The Great Wheel of Data-Structural and Algorithmic Fate

Mini-Topics

Stack-Heap Distinction

  • The Stack (\(\neq\) Stack data structure)
    • Fixed-length things go here, including Pointers to Heap
  • The Heap (\(\neq\) Heap data structure)
    • Variable-length things go here
  • Heap elves manage The Heap, by…
    • Constantly “claiming” additional memory from the OS (malloc()), in case objects need to grow
    • “Freeing” memory back for use by the OS (free()), when objects shrink / deleted / Python execution ends

Big-\(\overline{O}\) Notation

  • These are equivalence classes (not numbers or functions)
  • Compute the runtime \(T(n)\) of an algorithm
  • Worry about how it scales as \(n\) gets large: \(\lim_{n \rightarrow \infty}T(n)\)
  • Decide whether to use it or not based on which equivalence class it converges to:
    • \(O(1)\)
    • \(O(\log(n))\)
    • \(O(n)\)
    • \(O(n^2)\)

Data Validation

Linear vs. Logarithmic Design

Trees vs. Graphs (Cycles)

  • In terms of creating and managing data structures, we start with Trees and move to Graphs
  • But, in terms of defining these structures, it helps to start with Graphs
  • A graph is just a collection of linked nodes (any number of links): connected if some possible path between any two nodes
  • A tree is a connected graph without cycles
  • A binary tree is a tree where each node has only two outward links (called children)
  • A binary search tree is a binary tree where
    • Outward links are labeled left and right
    • [All contents after following left] \(<\) [current content]
    • [All contents after following right] \(>\) [current content]

Full Topics

Variations on LinkedList

  • FrontBackLinkedList
  • Deque (Pronounced like “Deck”)
  • DoublyLinkedList

FrontBackLinkedList

  • This isn’t exactly a separate data structure from a LinkedList, but instead an “expansion pack” for LinkedList which adds an insert_front() function

DoublyLinkedList

  • For when we need to be able to reverse directions at any point during iteration
  • LinkedListNode had only a next pointer
  • DoublyLinkedListNode has two pointers: prev and next

Deque

  • May seem similar to FrontBackLinkedList, but this time we do have a (slightly) different data structure!
  • For when we need to iterate through a list in-order or in reverse order, with exact same complexity!
    • (Who can think of a case where this would be immediately useful?)
  • Like in FrontBackLinkedList, we have a new insert_front() function
  • Like in DoublyLinkedList, we have both prev and next pointers in each DequeNode
  • But, we also add a new pointer in the Deque class itself (not the DequeNode class), tail, so that we now have head (formerly called root) and tail (pointing to the last element in the LL)
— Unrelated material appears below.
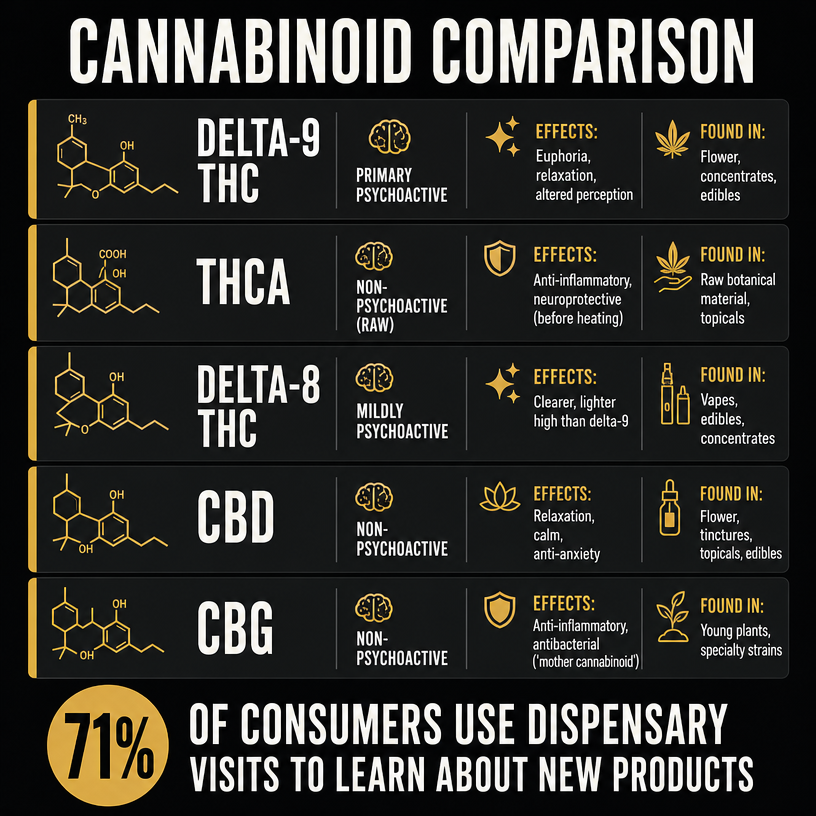 Infographic 1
Collision-Resistant Hashing

  • In general: What properties do we think a “good” hashing algorithm should have?
  • More specific: Given \(N\) objects to store and \(M\) available memory slots, what are the limits to \(\overline{O}(1)\)?
    • Efficiency when \(N < M\)?
    • Efficiency when \(N = M\)?
    • Efficiency when \(N > M\)?
    • How do these change if we move from LinkedList-backed to BST-backed?

Object-Oriented Design

  • First: What are the two kinds of “things” that an object has?
  • What is the difference between a class and an object?
  • OML without Polymorphism
  • OML with Polymorphism
  • Abstract Base Classes (ABC in Python)

Sorting

  • How is Merge-Sort “better”? What role does Merge subroutine play?
  • What/where exactly are the invariants in these diagrams?
Insertion-Sort

Merge-Sort

Midterm Metadata

Midterm Structure

  • Coding Portion: Modifications of LinkedList (Circular / jump-to-end / doubly-linked); non-scary OOP skeleton 🙈
  • Multiple Choice Portion: Lots more to cover…
    • Hash Tables: \(O(1 + \epsilon \log_2(n))\), but think about it as:
    • \(1 + (\text{Collision rate}) \cdot (\text{Collision handler efficiency})\)
    • Linked List \(\rightarrow\) Binary Search Tree
    • Depth-First vs. Breadth-First: Picture of a tree \(\rightarrow\) (a) what is BFS result, (b) what is (in/pre/post)-order DFS result?
    • Lastly: Cormen, Leiserson, Rivest, Stein (CLRS), pgs. 17-106

The Two Boxes That Most Things In This Course Can Be Sorted Into

  • Box 1: Linear Things
  • Box 2: Logarithmic Things
  • Things that go into the boxes:
    • Algorithms
    • Data Structures
    • Software Development Patterns

The Boxes

Linear Things: \(O(N)\) Logarithmic Things: \(O(\lg{N})\)
Data Structures

LinkedList

BinarySearchTree

Sorting Algorithms Insertion-Sort Merge-Sort
Search Algorithms Linear-Search Binary-Search
General Pattern One-by-One Divide-and-Conquer
Steps to Look Up a Word \(N = 102118\) \(\lceil \log_2(N) \rceil = 17\)
  • Hash Table: A “trick” that gets us close to \(O(1)\), by pre-allocating lots of memory!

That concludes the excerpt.